■ **Exercise**
Your answer must be only the lines below from the one containing "音美教研组工作计划怎么写 2024年音美组教研活动计划范文" through the one containing "Newcastle Whale Watching", copied exactly, with the pictures left out.

■ **Materials provided**
========================================

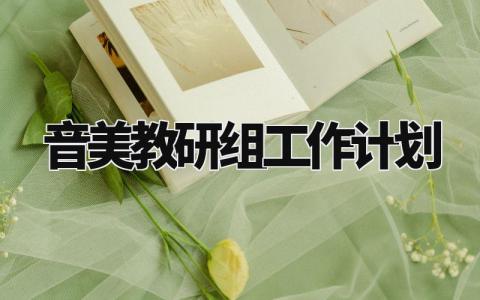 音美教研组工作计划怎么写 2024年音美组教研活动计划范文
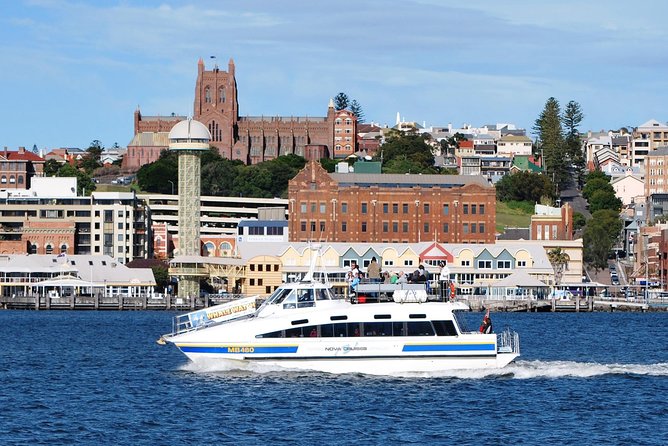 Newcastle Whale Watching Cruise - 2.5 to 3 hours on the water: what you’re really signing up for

========================================

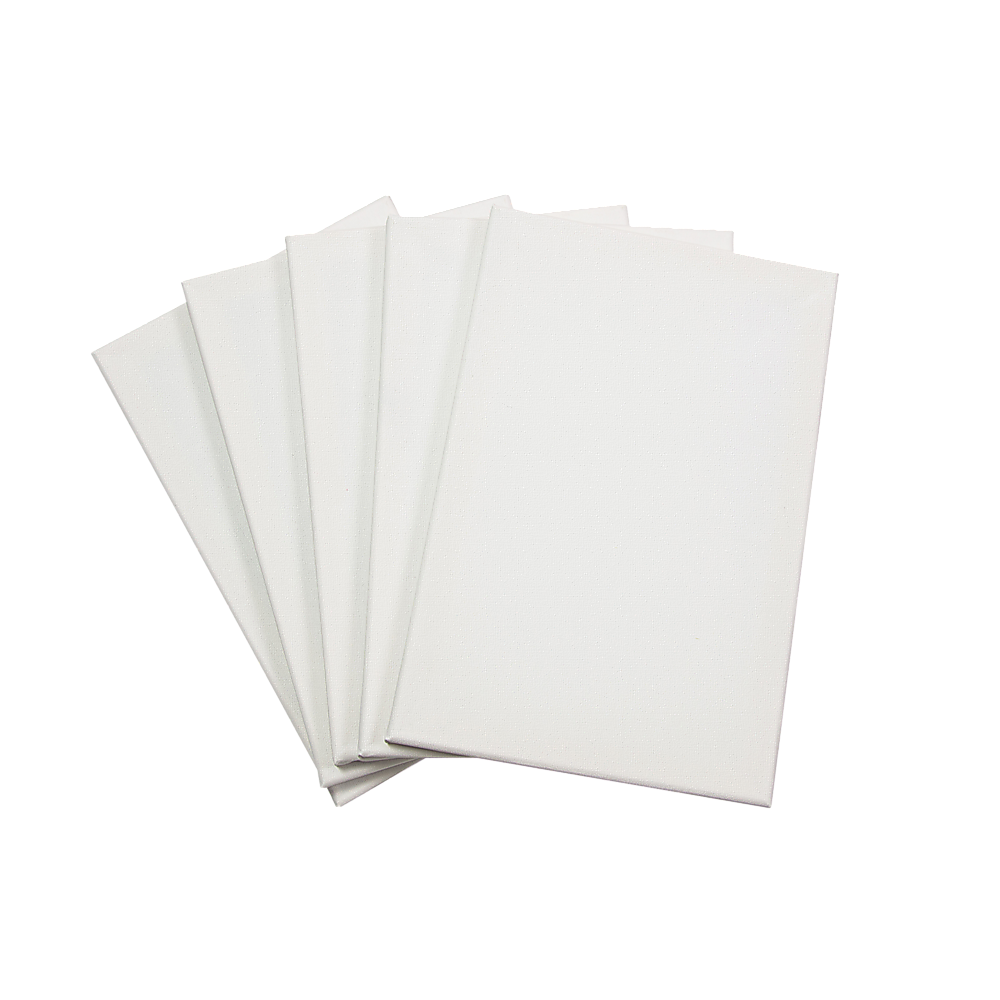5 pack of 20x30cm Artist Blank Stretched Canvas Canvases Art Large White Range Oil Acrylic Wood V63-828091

========================================

■ **Answer below**
 音美教研组工作计划怎么写 2024年音美组教研活动计划范文
 Newcastle Whale Watching Cruise - 2.5 to 3 hours on the water: what you’re really signing up for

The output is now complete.